Ses petits pas rapides de danseuse frivole et éméchée narguent le grand moustachu à l’affût. Espiègle, indifférente et mutine, elle le dupe et l’embobeline avec de jolis jeux de jambes. Trop intrigué pour l’inviter à valser, il reste campé dans sa position d’alléché. La souris sautille, danse et court. Et, petit à petit, le matou se décide à lui faire la cour. Avec maladresse, avec insistance. Ses cris stridents aiguisent son appétit. Le jeu, jadis amusant, devient terrifiant pour la demoiselle en question. D’un coup de patte peu galant, il la fait tournoyer à souhait.
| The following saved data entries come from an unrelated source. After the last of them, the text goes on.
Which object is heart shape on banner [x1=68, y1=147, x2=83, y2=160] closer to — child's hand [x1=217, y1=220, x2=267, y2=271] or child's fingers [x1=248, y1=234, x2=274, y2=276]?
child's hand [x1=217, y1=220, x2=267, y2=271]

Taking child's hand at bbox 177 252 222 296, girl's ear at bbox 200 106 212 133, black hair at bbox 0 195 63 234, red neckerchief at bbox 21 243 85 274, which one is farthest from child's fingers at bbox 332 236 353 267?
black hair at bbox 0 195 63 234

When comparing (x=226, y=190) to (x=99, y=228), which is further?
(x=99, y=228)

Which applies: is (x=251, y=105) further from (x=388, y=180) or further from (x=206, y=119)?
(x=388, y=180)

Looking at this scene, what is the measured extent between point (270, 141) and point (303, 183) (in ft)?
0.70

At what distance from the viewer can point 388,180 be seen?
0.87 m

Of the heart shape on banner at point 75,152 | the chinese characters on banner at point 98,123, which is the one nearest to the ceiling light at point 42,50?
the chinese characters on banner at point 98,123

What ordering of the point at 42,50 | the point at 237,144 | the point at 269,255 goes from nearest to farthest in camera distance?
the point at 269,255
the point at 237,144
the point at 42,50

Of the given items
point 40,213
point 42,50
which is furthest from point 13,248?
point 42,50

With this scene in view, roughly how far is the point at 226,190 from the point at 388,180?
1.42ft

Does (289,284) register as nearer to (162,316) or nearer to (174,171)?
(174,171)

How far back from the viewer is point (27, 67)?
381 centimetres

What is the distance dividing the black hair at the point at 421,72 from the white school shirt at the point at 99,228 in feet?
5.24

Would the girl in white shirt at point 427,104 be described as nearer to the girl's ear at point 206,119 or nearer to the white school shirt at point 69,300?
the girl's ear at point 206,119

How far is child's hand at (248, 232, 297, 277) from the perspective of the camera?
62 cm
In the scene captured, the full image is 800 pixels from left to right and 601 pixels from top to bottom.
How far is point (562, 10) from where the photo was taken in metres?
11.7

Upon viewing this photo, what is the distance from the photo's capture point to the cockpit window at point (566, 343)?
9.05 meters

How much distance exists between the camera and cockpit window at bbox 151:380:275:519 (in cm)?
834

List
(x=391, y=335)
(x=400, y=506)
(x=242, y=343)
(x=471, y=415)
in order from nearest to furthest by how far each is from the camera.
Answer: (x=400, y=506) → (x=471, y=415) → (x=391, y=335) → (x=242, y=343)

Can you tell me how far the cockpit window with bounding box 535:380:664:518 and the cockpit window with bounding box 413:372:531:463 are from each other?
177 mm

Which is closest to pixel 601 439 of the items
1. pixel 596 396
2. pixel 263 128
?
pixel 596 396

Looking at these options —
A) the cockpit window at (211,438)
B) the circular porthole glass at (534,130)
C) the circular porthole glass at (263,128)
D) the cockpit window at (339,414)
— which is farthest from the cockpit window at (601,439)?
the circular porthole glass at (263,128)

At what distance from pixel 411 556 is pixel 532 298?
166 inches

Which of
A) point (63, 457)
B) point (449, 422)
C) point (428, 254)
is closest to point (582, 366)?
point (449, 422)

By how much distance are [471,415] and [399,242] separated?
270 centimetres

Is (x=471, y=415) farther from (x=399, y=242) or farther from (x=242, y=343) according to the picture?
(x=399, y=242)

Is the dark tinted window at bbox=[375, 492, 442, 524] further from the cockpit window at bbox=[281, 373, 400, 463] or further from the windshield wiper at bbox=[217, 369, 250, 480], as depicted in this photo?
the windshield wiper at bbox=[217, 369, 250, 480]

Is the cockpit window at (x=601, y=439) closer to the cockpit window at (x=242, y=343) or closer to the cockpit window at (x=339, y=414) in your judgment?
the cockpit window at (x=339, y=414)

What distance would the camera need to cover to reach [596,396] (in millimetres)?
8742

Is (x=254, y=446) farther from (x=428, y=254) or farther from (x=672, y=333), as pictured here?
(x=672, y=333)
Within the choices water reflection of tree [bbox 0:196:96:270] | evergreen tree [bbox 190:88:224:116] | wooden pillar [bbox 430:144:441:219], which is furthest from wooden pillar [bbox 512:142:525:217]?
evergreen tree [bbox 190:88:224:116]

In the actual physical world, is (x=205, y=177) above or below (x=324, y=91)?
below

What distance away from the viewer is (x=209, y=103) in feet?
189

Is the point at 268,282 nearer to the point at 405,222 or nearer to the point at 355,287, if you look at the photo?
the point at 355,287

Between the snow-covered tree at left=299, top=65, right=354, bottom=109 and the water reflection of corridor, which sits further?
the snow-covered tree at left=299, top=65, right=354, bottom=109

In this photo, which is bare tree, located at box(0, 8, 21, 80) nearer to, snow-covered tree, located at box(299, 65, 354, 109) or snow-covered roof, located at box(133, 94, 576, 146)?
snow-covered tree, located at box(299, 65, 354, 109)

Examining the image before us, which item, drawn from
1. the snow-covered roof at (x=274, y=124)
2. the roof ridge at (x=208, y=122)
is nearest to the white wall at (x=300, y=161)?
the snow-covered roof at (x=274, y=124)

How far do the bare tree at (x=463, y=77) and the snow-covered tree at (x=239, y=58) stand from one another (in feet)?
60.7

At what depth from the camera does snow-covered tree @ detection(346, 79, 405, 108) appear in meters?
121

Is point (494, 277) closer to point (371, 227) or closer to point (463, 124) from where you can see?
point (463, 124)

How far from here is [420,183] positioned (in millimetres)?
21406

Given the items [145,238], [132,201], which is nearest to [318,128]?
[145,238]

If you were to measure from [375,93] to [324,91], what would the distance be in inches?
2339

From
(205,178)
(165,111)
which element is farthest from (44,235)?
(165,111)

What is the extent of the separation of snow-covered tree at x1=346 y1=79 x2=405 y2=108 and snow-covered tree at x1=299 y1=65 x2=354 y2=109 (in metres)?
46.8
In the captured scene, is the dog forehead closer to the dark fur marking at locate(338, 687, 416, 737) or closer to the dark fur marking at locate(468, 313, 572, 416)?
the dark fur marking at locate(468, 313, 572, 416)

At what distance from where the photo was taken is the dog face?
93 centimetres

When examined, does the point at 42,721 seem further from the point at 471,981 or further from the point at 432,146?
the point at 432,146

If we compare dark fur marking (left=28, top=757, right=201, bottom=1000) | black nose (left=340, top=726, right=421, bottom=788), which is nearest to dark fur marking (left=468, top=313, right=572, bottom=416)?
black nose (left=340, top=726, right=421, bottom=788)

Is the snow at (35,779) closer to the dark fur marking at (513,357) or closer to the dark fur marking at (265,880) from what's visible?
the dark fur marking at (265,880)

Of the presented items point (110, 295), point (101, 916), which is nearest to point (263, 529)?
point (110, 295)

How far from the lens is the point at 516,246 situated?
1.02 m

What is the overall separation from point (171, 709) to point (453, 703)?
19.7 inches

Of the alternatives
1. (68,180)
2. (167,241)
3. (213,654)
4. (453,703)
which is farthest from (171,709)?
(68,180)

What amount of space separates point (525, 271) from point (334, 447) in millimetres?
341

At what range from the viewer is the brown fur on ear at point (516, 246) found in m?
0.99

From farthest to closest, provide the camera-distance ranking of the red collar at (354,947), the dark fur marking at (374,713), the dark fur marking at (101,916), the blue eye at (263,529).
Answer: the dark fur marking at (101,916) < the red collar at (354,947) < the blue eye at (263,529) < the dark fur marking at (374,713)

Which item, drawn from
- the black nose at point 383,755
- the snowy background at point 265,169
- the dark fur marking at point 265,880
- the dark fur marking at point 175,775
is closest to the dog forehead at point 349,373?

Entre les nombreuses figures imposées, elle tente pourtant de lui filer entre les pattes. Mais vaines sont ses tentatives. Plus elles sont élaborées, plus spectaculaires sont les acrobaties. De pirouettes en sauts périlleux vrillés, la rebelle s’épuise. Terrifiée et démunie, elle finit par s’offrir à lui, dans la fatalité. Mais Monsieur est tout à coup lassé. Il la laisse choir seule sur la piste et s’en va vers d’autres conquêtes.

Suis un chat il te fuira, fuis un chat il te suivra !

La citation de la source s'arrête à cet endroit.